A volume Cain recently co-edited with Julius Seeman, PhD, “Humanistic Psychotherapies:
Handbook of Research and Practice,” reflects that new tough-mindedness. To counter the
field’s reputation for sloppy science, the volume draws on rigorous research in its description of
various psychotherapeutic models.
But Cain’s book isn’t the only one. “All of a sudden, there’s a plethora of new humanistic books
out there,” he says.
“The Handbook of Humanistic Psychology: Leading Edges in Theory, Research, and Practice” is
another book humanistic psychologists point to as a recent landmark. By providing a broad
overview of humanistic psychology’s history, methodologies and applications to current affairs,
the volume’s editors hope to provide an alternative to the outdated materials that have helped
limit the field’s growth in the past.
“Mainstream introductory psychology texts have either ignored humanistic psychology
altogether or given it token space,” says senior editor of the handbook Kirk J. Schneider, PhD, a
private practitioner in San Francisco who is also an adjunct faculty member at Saybrook. “Not
only are the field’s pioneers being neglected but also the field’s interest in very contemporary,
relevant issues like gender, multiculturalism and ecology. And these do not even begin to
encompass the valuable contributions humanists are making in the areas of health care,
spirituality and social action.”
Schneider hopes that his and other new books will inspire the creation of humanistic
psychology courses at universities around the country and help bring a new generation to the
field. Attracting fresh blood is crucial, say others, citing the imminent retirement of many
humanistic psychologists and the displacement of others into such fields as counseling, religious
studies, organizational studies and peace studies.

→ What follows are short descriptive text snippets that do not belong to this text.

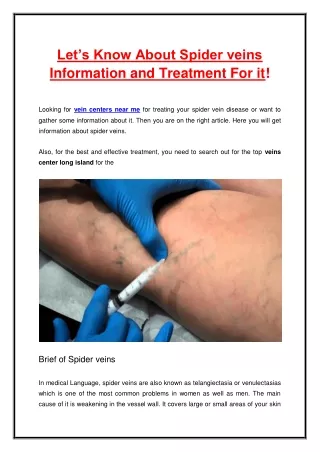 Let’s Know About Spider veins Information and Treatment For it!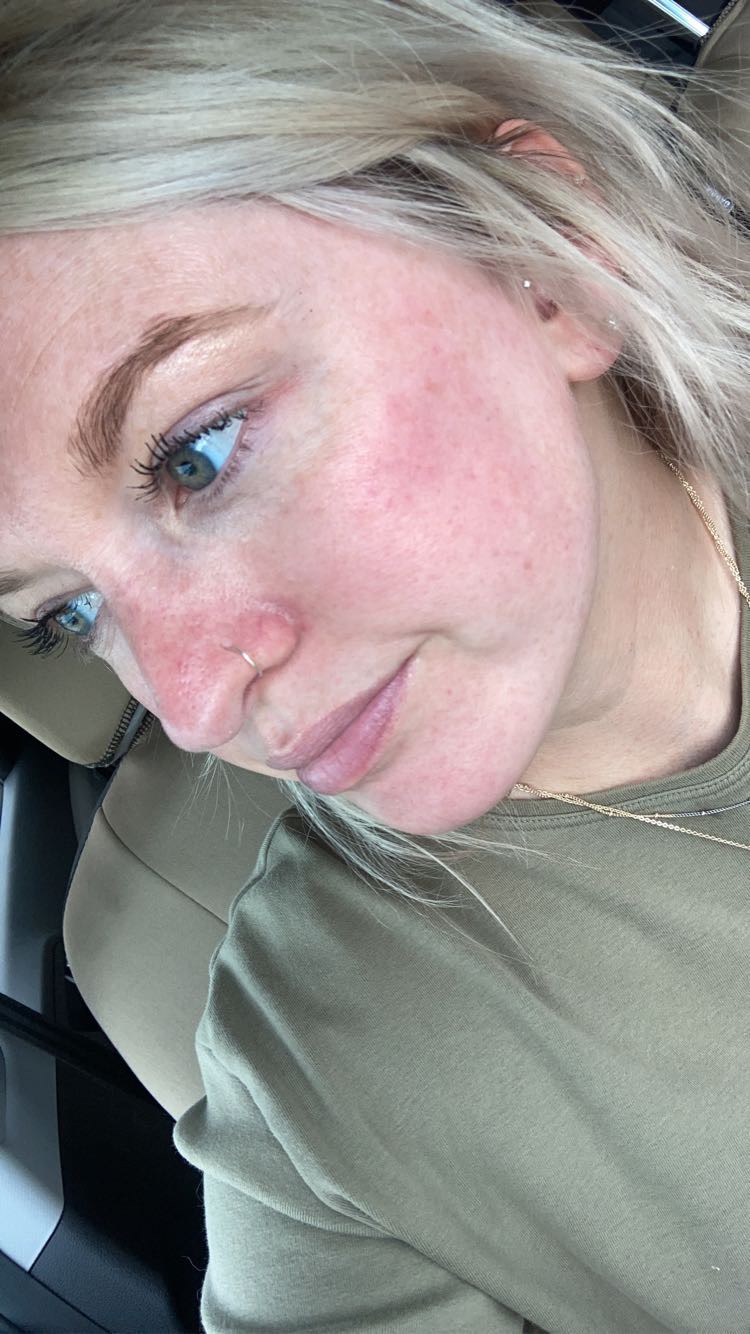 Skin by Shana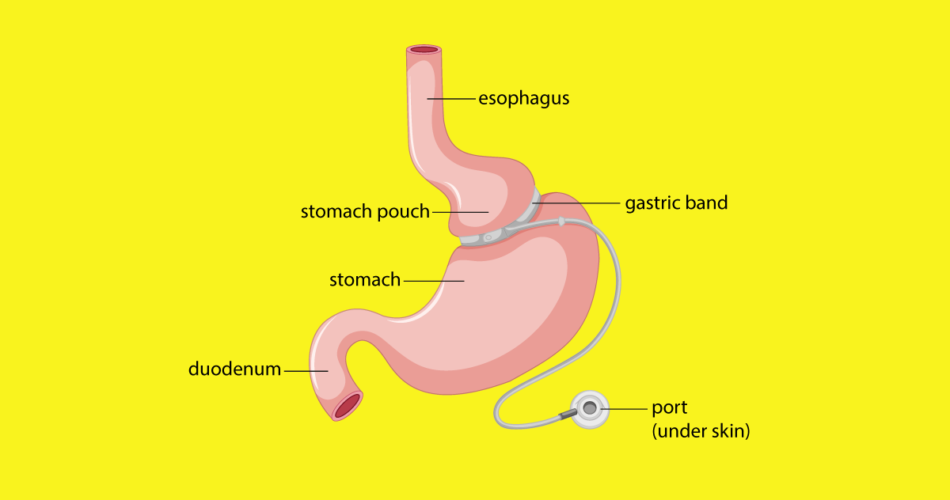 What is Gastric Banding and How it Works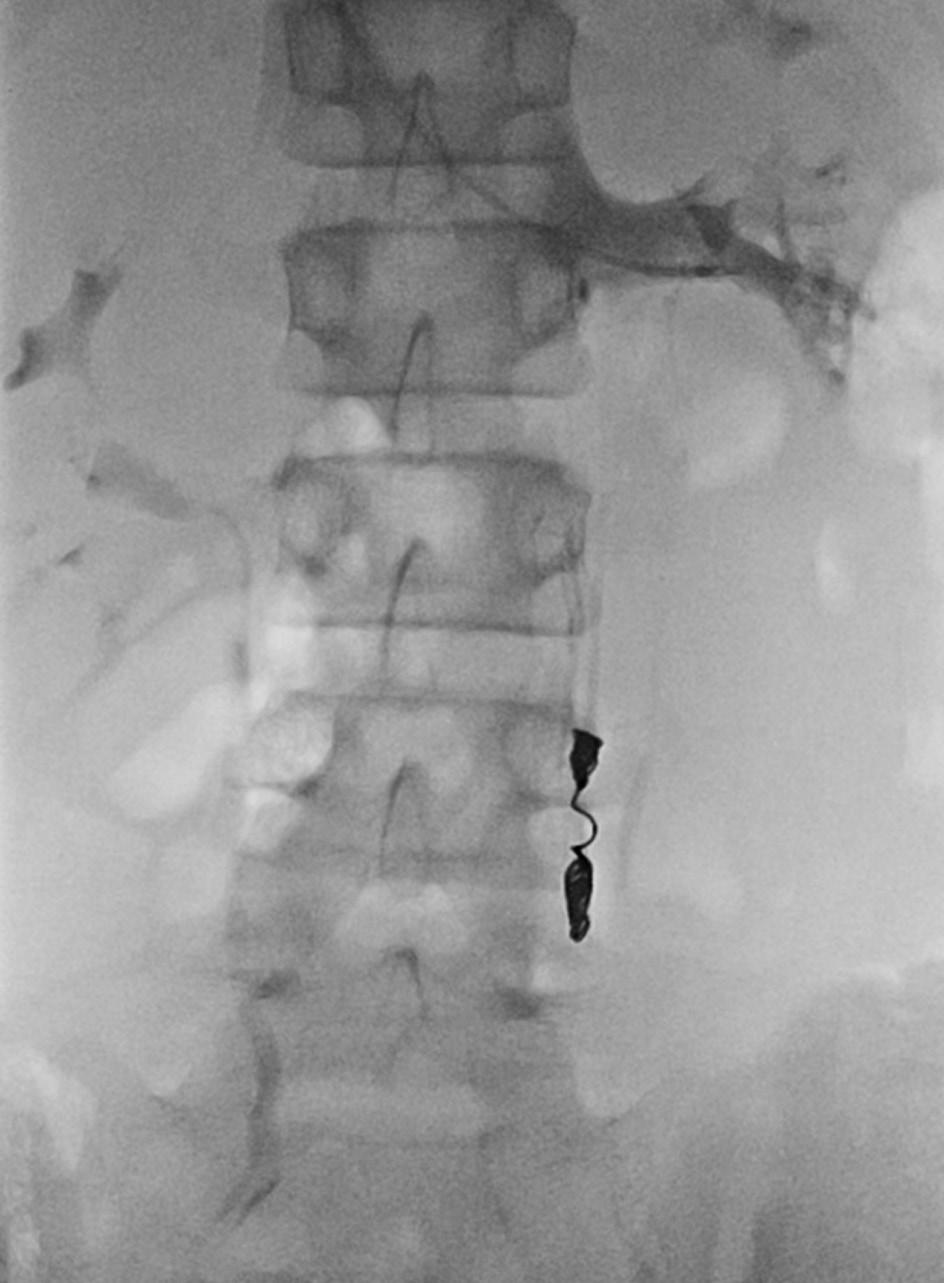 The distal testicular vein is embolized with coils and treated with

According to O’Hara, student interest in humanistic psychology is already soaring. The Saybrook
Graduate School has doubled its student body in just four years, for example.
Fortunately, O’Hara says, there’s plenty of work for humanistic psychologists.
Says O’Hara, “If what you have is a way to help people address the significant questions of their
lives, then there are ‘Help Wanted’ signs all over the place.”
Rebecca A. Clay is a writer in Washington, D.C.